Goodpasture syndrome is a systemic disease process characterized by pulmonary hemorrhage and glomerulonephritis in the setting of anti-glomerular basement membrane antibodies. It is a rare disorder diagnosed predominantly in young males and is linked to the presence of the HLA-DRw2 allele, but it can present in later years with equal sex distribution and a lower incidence of lung hemorrhage. The disease is caused by antibodies directed against a collagen protein found in the alveolar and glomerular membrane, resulting in an antibody-mediated injury.20–22 Patients present with both hemoptysis and hematuria.
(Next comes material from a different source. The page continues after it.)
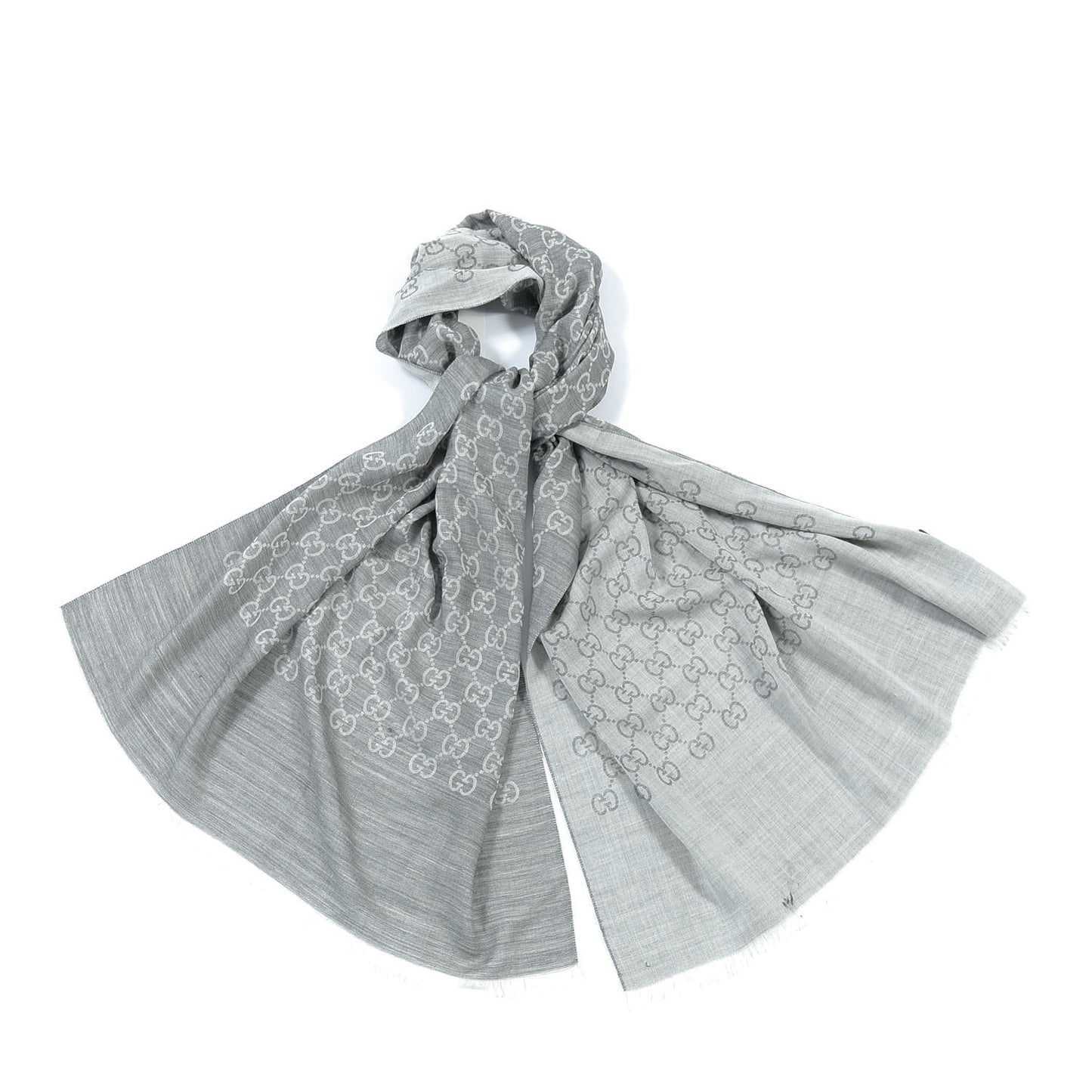 Wool Silk Monogram Fringe Scarf Grey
Diagnosis is based on clinical symptomatology and usually renal biopsy.21,22
Drug-induced lung injury often results in an alveolitic pattern of injury, whether the mechanism of injury is due to a direct cytotoxic, immune-mediated injury, or the dysregulation of cytokine regulated inflammatory cascades. Numerous drugs have been implicated in this disease process, including bleomycin, nitrofurantoin, and amiodarone.20,23 Drug induced ILD has also been reported with erlotinib and other tyrosine kinase inhibitors used in the treatment of nonsmall cell lung cancer.24,25 The diagnosis rests on clinical suspicion and correlation with prior drug exposure. Lung biopsy may or may not be helpful as fibrosis becomes apparent in late-stage disease.
Idiopathic Interstitial Pneumonias
Idiopathic interstitial pneumonias encompass a range of pulmonary disorders characterized by infiltration of the pulmonary interstitium with immune cells, leading to alveolitic changes. Continued inflammation eventually results in end-stage pulmonary fibrosis (Fig. 104-3). The multiple terms used in association with this disease reflect the diagnostic confusion that surrounds it, including Hamman–Rich disease, idiopathic pulmonary fibrosis, usual interstitial pneumonitis, and diffuse pulmonary alveolar fibrosis. Several subclassification schemes have been proposed, which many argue are superfluous because this disorder can be viewed as a continuum. The most common subclassification, proposed by Averill Liebow, divides idiopathic interstitial pneumonias into six categories: (1) usual interstitial pneumonia/idiopathic pulmonary fibrosis, (2) desquamative interstitial pneumonia, (3) nonspecific interstitial pneumonia, (4) acute interstitial pneumonitis, (5) respiratory bronchiolitis-associated ILD, and (6) cryptogenic organizing pneumonia. Patients with this continuum of disorders present with progressive dyspnea in the setting of reticular opacities on plain chest films. Diagnosis of the idiopathic interstitial pneumonia rests on the exclusion of other known disorders and histologic analysis of sufficient lung tissue, making open or VATS lung biopsy usually the preferred approach to tissue diagnosis.22,26–30 Often, a clear-cut distinction cannot be made between the various subclasses, even with adequate lung tissue. Lymphocytic interstitial pneumonia is often misidentified as belonging to this category because chest radiographs of patients with lymphocytic interstitial pneumonia often show an “interstitial” pattern of disease. However, lymphocytic interstitial pneumonia is a lymphoproliferative disorder with no alveolar injury, and a lung biopsy may be required to exclude this disorder in some patients.31,32 Patients with progressive disease refractory to immunosuppressive therapy can be treated only by lung transplantation.
CT scan from a patient with idiopathic pulmonary fibrosis. Note the significant fibrotic changes and characteristic honeycomb pattern.